» **Supplied data**:
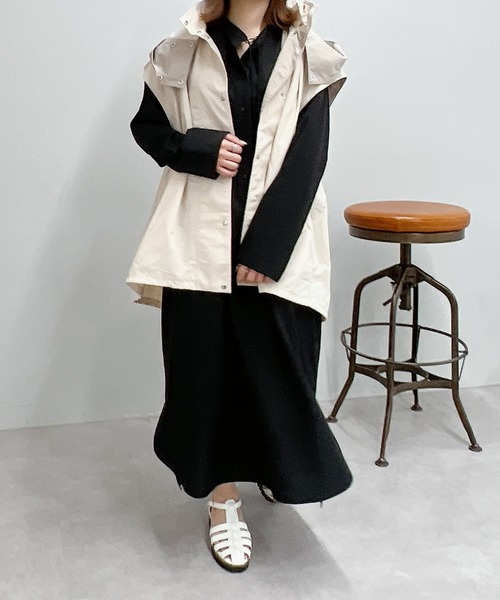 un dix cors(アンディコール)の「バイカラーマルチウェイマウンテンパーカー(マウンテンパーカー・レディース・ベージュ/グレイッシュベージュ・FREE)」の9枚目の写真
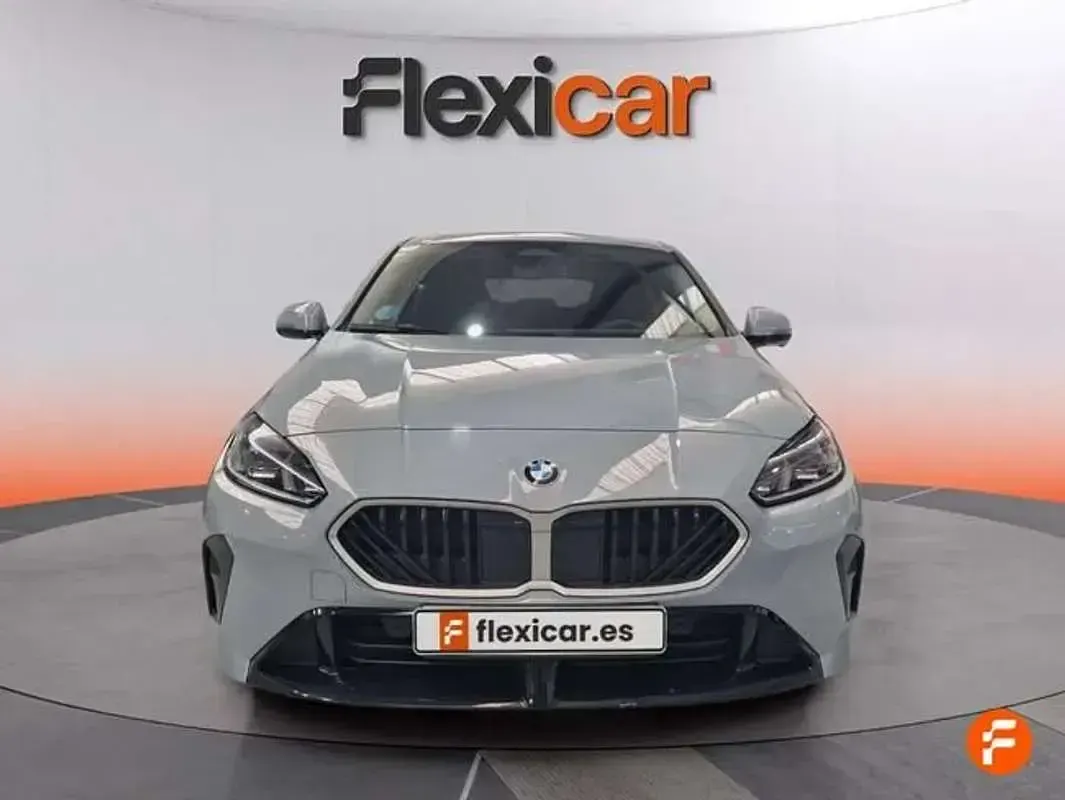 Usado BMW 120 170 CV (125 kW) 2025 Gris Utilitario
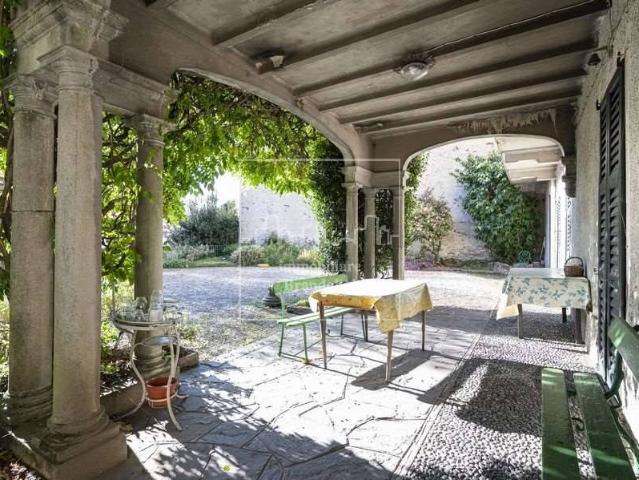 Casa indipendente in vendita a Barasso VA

» **What you are asked to do**:
Every line above should be copied exactly, apart from any pictures.

» **Result of this exercise**:
 un dix cors(アンディコール)の「バイカラーマルチウェイマウンテンパーカー(マウンテンパーカー・レディース・ベージュ/グレイッシュベージュ・FREE)」の9枚目の写真
 Usado BMW 120 170 CV (125 kW) 2025 Gris Utilitario
 Casa indipendente in vendita a Barasso VA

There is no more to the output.